Problem statement → In the data below, how many lines include the string "Black"? Give only the number.

**** Dataset

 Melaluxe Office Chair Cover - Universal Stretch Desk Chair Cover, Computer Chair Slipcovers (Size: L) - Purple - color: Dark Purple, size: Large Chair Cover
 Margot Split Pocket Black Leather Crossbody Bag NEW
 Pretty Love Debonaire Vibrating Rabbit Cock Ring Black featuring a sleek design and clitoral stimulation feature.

********
**** Dataset

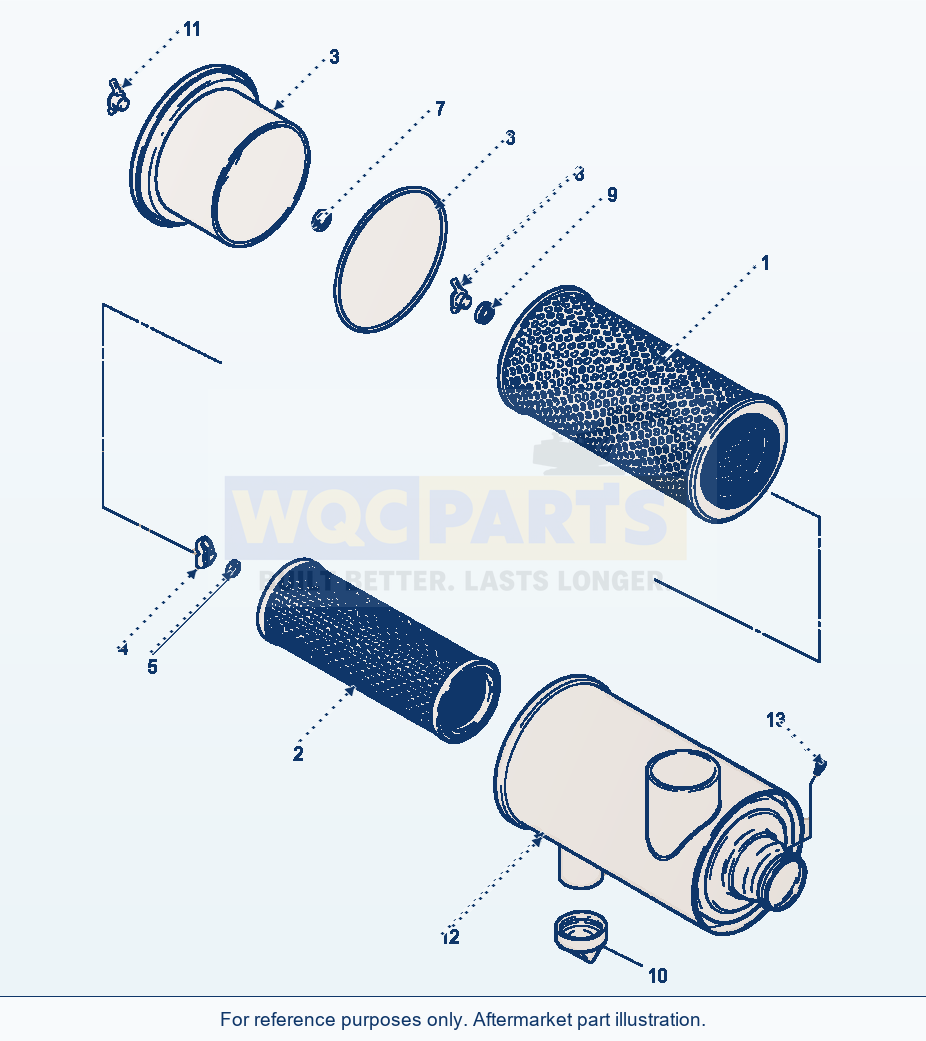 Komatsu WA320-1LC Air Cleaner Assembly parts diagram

********
**** Dataset

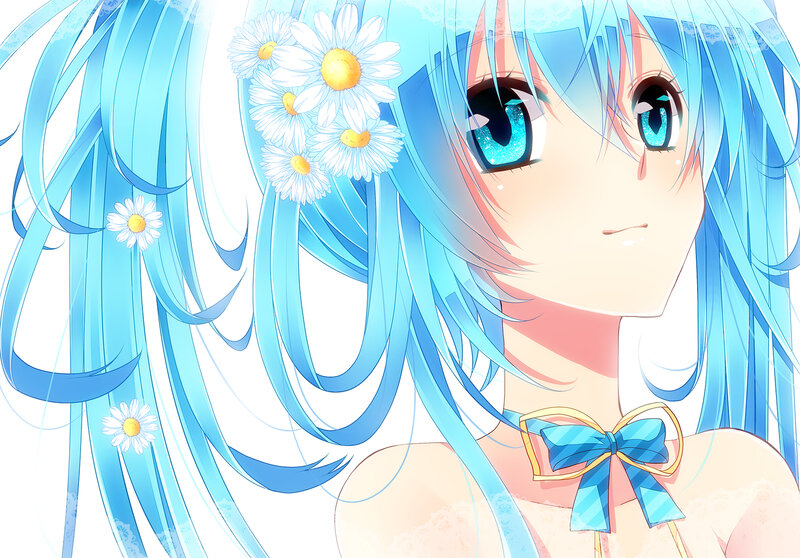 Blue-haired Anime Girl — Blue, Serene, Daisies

********

Solution for this problem → 2